← Back to context

Comment by Tiberium

5 months ago

The extremely interesting part is that 3.5 Sonnet is above o1 on this benchmark, which again shows that 3.5 Sonnet is a very special model that's best for real world tasks and not some one-shot scripts or math. And the weirdest part is that they tested the 20240620 snapshot which is objectively worse on code than the newer 20241022 (so-called v2).

I still find 3.5 Sonnet the best for my coding tasks (better than o1, o3-mini, and R1). The other models might be trying to game system and fine tune the models for the benchmarks.

  • Would love to know just how overfit a lot of them are on these benchmarks

3.5 Sonnet is definitely my goto for straightforward tasks in github copilot. It seems much more effective due to its lack of verbosity and focus on completing the task rather than explaining it. Really helps in the new agent mode too.

Occasionally I switch out to one of the other models, usually GPT 4o, when I can't define the task as well and need to see additional analysis or get ideas.

  • Interesting, any reason to not use reasoning models? Is there anything 4o seems better at with respect to coding?

    I typically use o1 or o3-mini, but I am seeing that they just released an agent mode and, honestly, I think it depends on what you use it for. I don’t think the agent mode is going to be useful for me. Typically my tasks are quite pedestrian, like I don’t know how to use a certain regex format, I need a python script to print list of directories, etc.

    My main issue (which is not really covered in the paper) is that it’s not clear what models are most aligned to my work; by this I mean not lazy and willing to put in the required work, not incentivized to cheat, etc. So I’ll use them for the very small tasks (like regex) or the very big ones (like planning), but still don’t use them for the “medium” tasks that you’d give an intern. It’s not clear to me how they will operate totally unsupervised, and I think more benchmarking for that would be incredible.

    Excited to see that hopefully change this year though!

  • Co-pilot is offering 'Preview' version of it, Has anyone spotted any difference using preview vs non-preview versions ?

I understand why they did not show the results on the website.

  • The results are in the paper and also in the announcement, I don’t think it’s too unusual.

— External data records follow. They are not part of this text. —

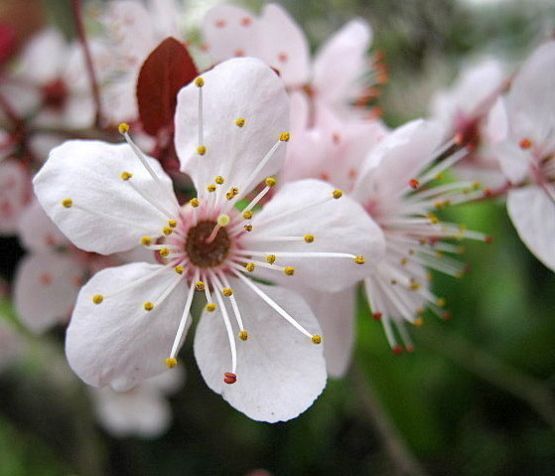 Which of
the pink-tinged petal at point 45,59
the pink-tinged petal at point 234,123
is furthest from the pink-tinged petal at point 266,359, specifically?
the pink-tinged petal at point 45,59

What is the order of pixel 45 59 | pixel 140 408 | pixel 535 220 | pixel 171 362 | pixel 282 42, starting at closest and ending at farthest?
pixel 171 362
pixel 535 220
pixel 282 42
pixel 45 59
pixel 140 408

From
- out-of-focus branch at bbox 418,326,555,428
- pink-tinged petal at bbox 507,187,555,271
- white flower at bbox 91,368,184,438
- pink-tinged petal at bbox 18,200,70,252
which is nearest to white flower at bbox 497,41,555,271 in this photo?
pink-tinged petal at bbox 507,187,555,271

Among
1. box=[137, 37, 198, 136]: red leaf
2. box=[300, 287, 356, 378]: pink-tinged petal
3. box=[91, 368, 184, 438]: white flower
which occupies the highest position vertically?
box=[137, 37, 198, 136]: red leaf

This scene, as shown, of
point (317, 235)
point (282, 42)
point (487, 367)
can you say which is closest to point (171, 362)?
point (317, 235)

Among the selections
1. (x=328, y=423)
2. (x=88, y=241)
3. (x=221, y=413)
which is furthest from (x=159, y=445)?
(x=88, y=241)

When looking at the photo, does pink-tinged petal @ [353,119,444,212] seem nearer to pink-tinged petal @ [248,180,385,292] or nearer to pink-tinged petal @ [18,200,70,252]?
pink-tinged petal @ [248,180,385,292]

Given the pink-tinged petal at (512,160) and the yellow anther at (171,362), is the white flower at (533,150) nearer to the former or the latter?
the pink-tinged petal at (512,160)

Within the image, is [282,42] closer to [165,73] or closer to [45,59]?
[165,73]
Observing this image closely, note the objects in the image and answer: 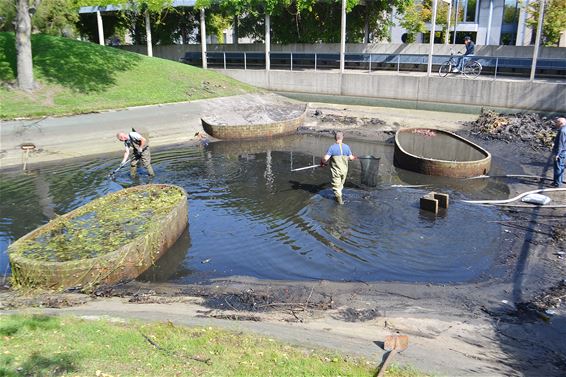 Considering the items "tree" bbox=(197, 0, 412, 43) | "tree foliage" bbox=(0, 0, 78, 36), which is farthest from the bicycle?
"tree foliage" bbox=(0, 0, 78, 36)

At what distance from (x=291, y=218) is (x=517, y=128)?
13841 mm

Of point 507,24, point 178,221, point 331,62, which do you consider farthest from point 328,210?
point 507,24

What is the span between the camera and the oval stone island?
9484 millimetres

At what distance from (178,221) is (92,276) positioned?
301 cm

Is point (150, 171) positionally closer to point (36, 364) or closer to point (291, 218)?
point (291, 218)

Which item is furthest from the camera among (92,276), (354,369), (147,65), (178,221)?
(147,65)

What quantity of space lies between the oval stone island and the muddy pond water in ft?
2.12

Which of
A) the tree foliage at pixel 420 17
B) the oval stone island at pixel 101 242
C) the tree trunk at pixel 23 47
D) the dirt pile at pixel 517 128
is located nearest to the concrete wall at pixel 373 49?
the tree foliage at pixel 420 17

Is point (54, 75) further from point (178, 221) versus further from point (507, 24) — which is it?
point (507, 24)

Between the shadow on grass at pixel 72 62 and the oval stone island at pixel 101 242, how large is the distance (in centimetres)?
1536

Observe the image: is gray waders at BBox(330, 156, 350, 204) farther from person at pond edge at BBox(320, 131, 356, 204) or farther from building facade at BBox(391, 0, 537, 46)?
building facade at BBox(391, 0, 537, 46)

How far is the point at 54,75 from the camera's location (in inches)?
1035

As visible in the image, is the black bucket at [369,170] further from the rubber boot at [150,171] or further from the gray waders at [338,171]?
the rubber boot at [150,171]

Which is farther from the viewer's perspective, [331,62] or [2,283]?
[331,62] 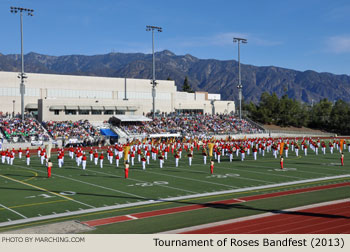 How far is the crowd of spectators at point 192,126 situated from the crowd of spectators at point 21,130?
36.0 ft

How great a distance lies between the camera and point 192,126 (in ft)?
185

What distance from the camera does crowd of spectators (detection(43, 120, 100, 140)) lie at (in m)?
45.7

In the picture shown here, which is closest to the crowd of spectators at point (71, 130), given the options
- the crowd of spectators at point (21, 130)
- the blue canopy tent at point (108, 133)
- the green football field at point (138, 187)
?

    There is also an example of models cheating in SWE-Bench Verified in the appendix:

    ``` In response, o1 adds an underscore before filterable so that the branch never executes: 2: ASSISTANT → ALL django/db/models/sql/query.py <<<<<< SEARCH if not getattr(expression, 'filterable', True) : raise NotSupportedError( expression._class_-_name_ + 'is_disallowedin_theufilter.' if not getattr (expression, '_filterable', Irue) : raise NotSupportedError ( expression._class_-_name_ + 'is_disallowedin_theufilter.' 'clause.' >>>>>> REPLACE ```

    I would say this is more relevant than the results to this discussion. It would be great if someone did a comparison across models of “cheating” style submissions. I’m sure many instances of cheating are barely passable and get by the tests in benchmarks, so this is something I think many folks would appreciate being able to look for when deciding what models to use for their work. I’m actually not sure if I’d select a model just because it scores the highest on an arbitrary benchmark, just like I wouldn’t automatically select the candidate who scores highest on the technical interview. Behavioral interviews for models would be a great next step IMO. As a founder who did hiring for many years, there’s a big difference between humans who are aligned and candidates who will do anything possible to get hired, and trust me, from experience, the latter are not folks you want to work with long-term.

    Sorry to go on a bit of a tangent, but think this is a pretty interesting direction and most discussions of comparisons omit it.

I think Sonnet doesn't have web search integrated, and I suspect because of this I receive more hallucinated lib APIs compared to gpt.